Cross-border influx 'not likely to give big lift' to retail sales
New entry rules could mean some growth but also drive out big spenders, industry group says
Hong Kong retailers suffered their worst performance in three years last month, with an influx of mainland shoppers expected to do little to ease the malaise.
The value of retail sales grew just 3.8 per cent in July, a traditionally robust shopping month. This was the slowest growth since September 2009 when the city was still in the aftermath of the global financial crisis.
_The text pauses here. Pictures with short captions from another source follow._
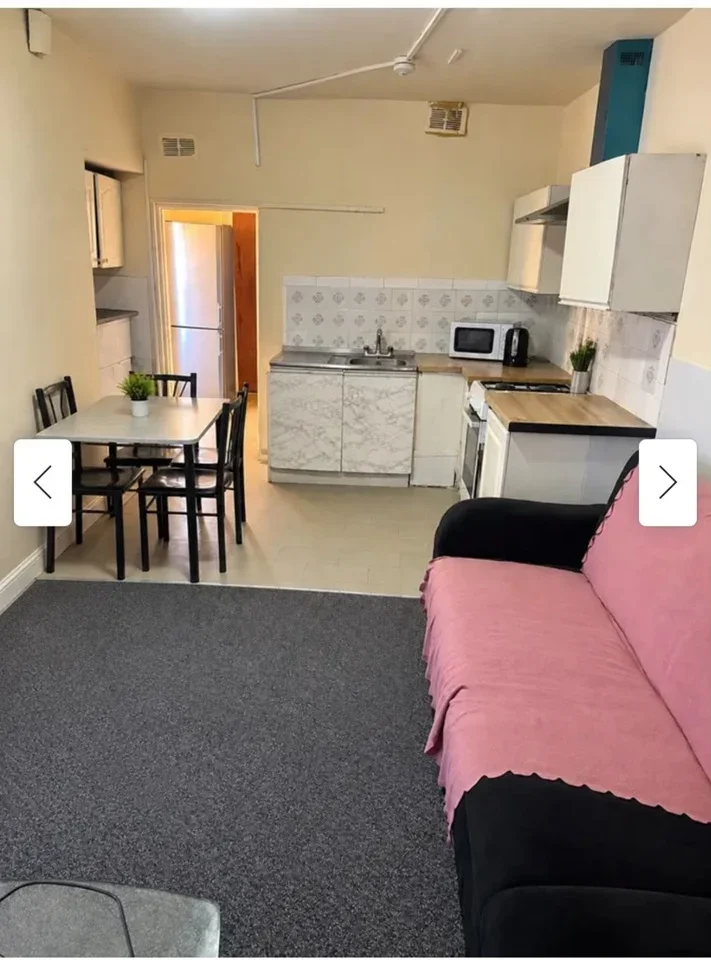 Flat Goldsmith Avenue in Greater London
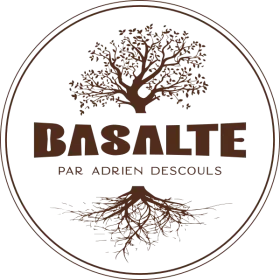 Logo circulaire avec un arbre stylisé et des racines en bas, le texte "BASALTE PAR ADRIEN DESCouls" en dessous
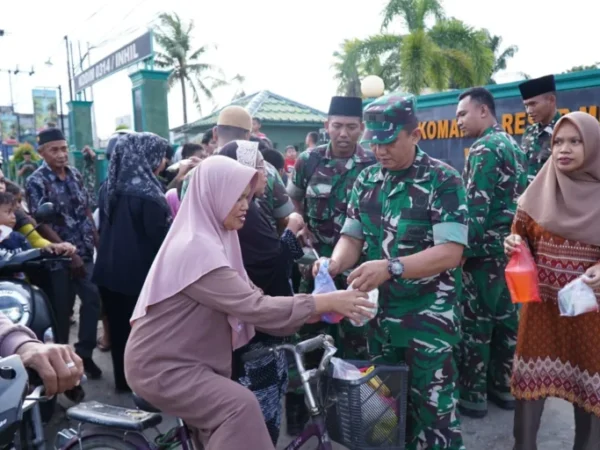 Wujud Kepedulian TNI, Kodim 0314/Inhil Kembali Berbagi Takjil Kepada Masyarakat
The Hong Kong Retail Management Association said the central government's decision to relax entry permits to Hong Kong for non-permanent residents of six mainland cities might not be the right solution. Instead, the expected influx of new visitors could make the city too crowded for other big-spending tourists. From Saturday, non-permanent residents of Shenzhen, Beijing, Tianjin, Shanghai, Chongqing and Guangzhou will be able to apply through local police departments to visit Hong Kong.
The 4.1 million non-permanent Shenzhen residents have caused public concern because they will be able to apply for multiple-entry permits and most are low-income migrant workers who might seek to work illegally in the city.
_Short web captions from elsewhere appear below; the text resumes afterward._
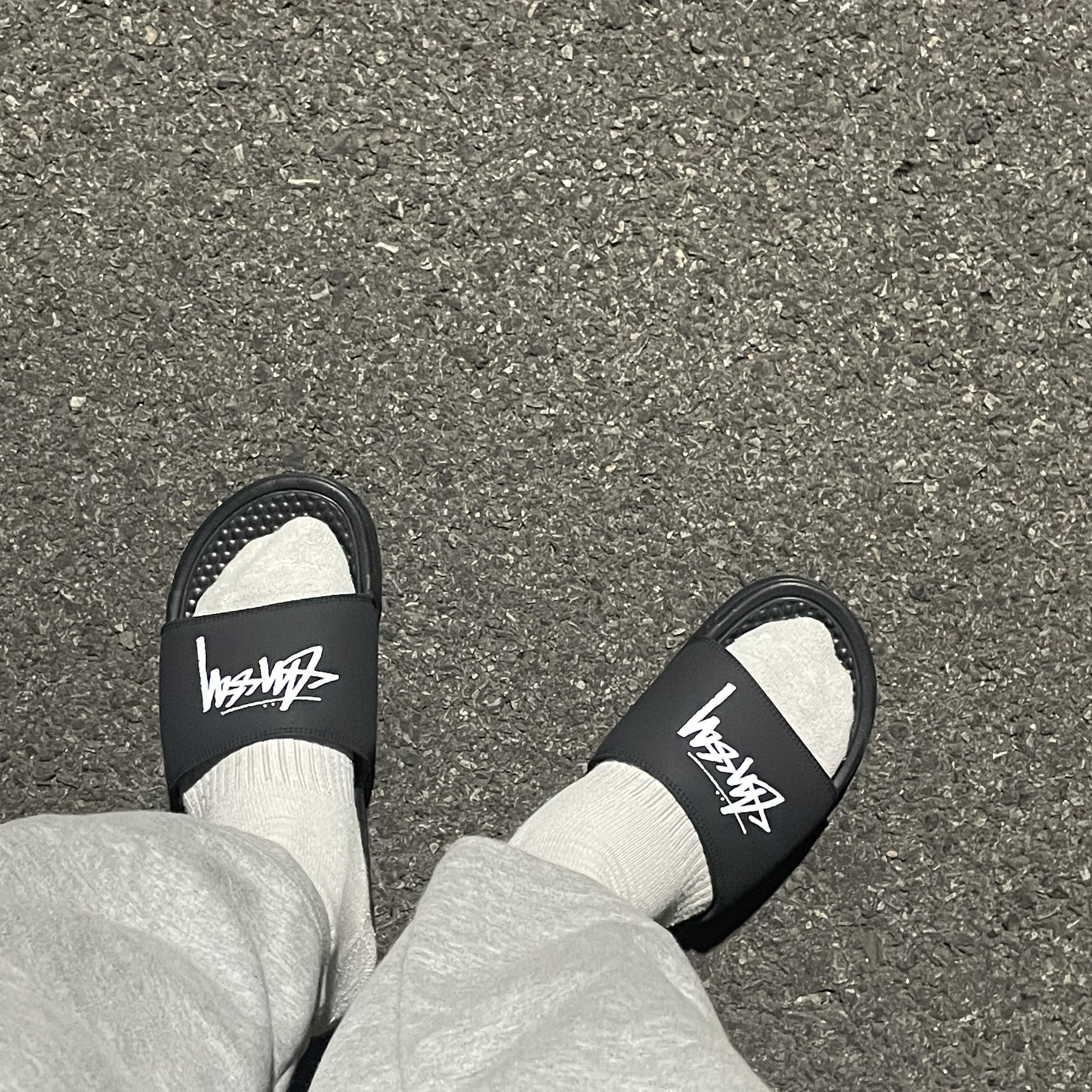 Nike x Stussy Benassi Slide Off Noir 착용 스타일 - 4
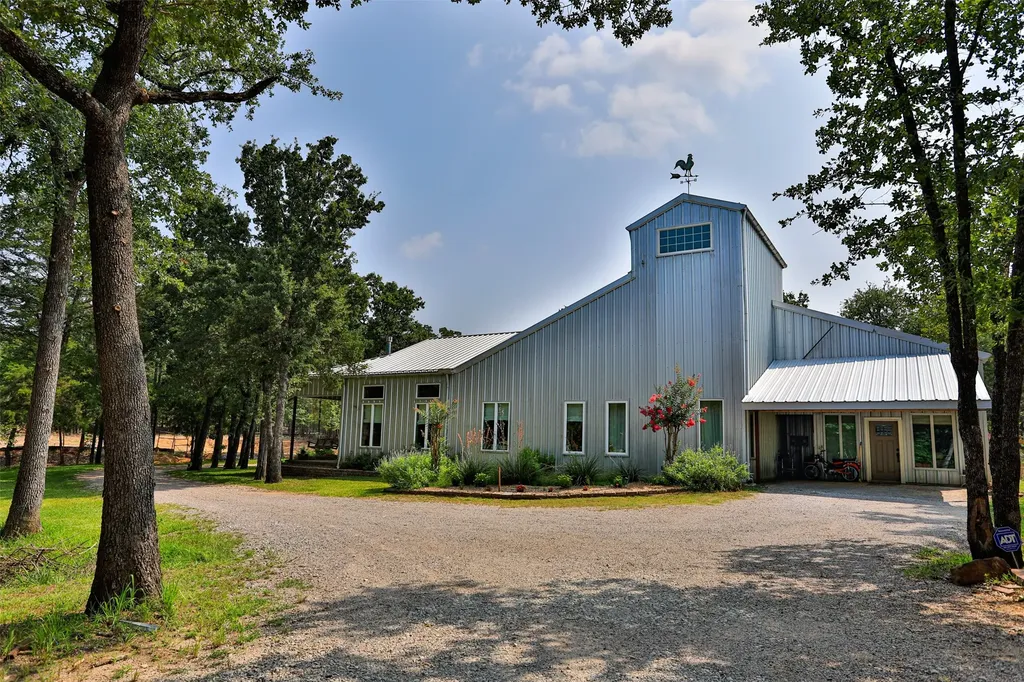 3724 County Road 211 Gainesville TX 76240
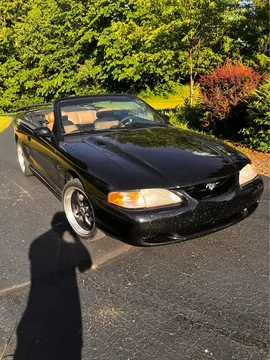 1994 Ford Mustang GT Convertible 2D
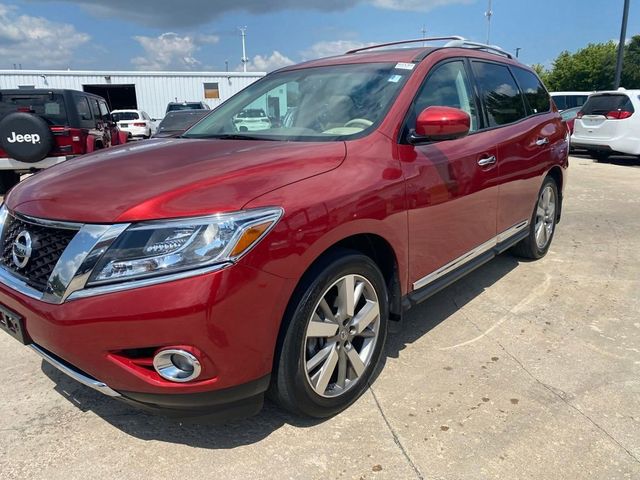 2015 Nissan Pathfinder Platinum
While association chairwoman Caroline Mak Sui-king said Shenzhen's non-permanent residents could still stimulate retail sales, especially for cheaper items, they could also push up rents, make the city's shopping areas even more crowded and drive away big-spending tourists.
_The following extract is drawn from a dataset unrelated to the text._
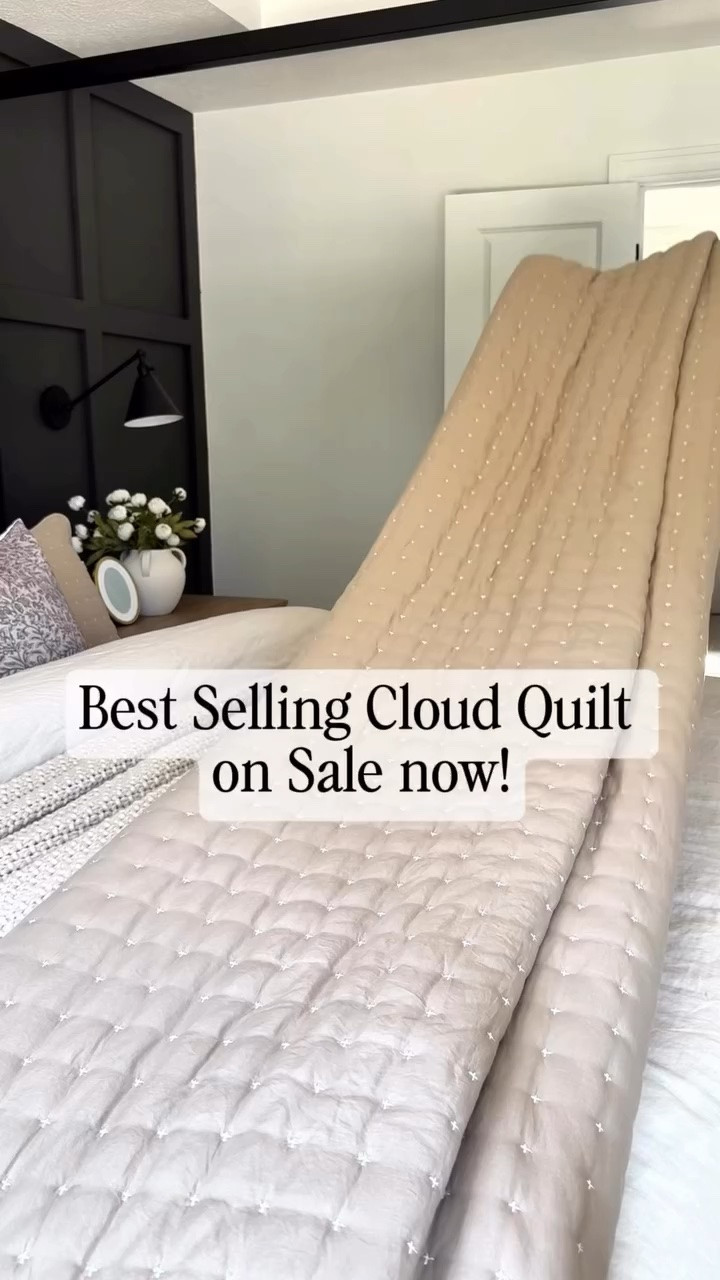 Best Selling Cloud Quilt on Sale!! Under $40 for a King size for limited time so 🏃🏼‍♀️ It’s lightweight cloud like fabric is perfect for warmer months. Looks just like the designer version but a fraction of the price!

#LTKHome #LTKSaleAlert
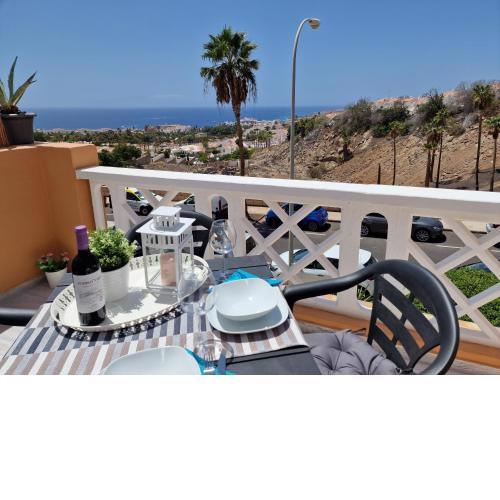 Ocean View with fantastic sea view, family friendly, terrace, Wifi, SAT-TV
"A salesperson has to take care of every customer, whether they are spending or not. So with more customers they inevitably will spend less time and attention on each person. In the end there may be more work and yet smaller transactions," Mak said.
She estimated that up to three million of Shenzhen's 4.1 million non-permanent residents were migrant workers who earned about 2,500 yuan (HK$3,058) a month while the rest were executives. "They should [together] contribute to some growth of the local retail sector, but don't expect them to be the source of double-digit growth," she said.
The sector maintained a forecast of 8 per cent growth in retail sales this month, but the association wound down the annual growth forecast to between 10 and 13 per cent from 12 to 15 per cent earlier this year.
The fall in July's retail figures was mainly caused by shrinking local consumption. Sales in small traditional rice and food stores, for example, fell 15.2 per cent year on year last month to HK$66.5 million - the biggest drop among the various categories. Fresh and frozen food plus furniture and fixtures also led the fall, with sales value dropping 6.6 per cent year on year. Books and stationery - traditionally strong summer sellers, were down by 10.2 per cent, while department store sales grew by just 2.7 per cent.
Sales of jewellery and watches, a common barometer of mainland tourists' spending, remained lukewarm, seeing only a growth of 0.9 per cent in sales value and a drop of 3.1 per cent in volume in July.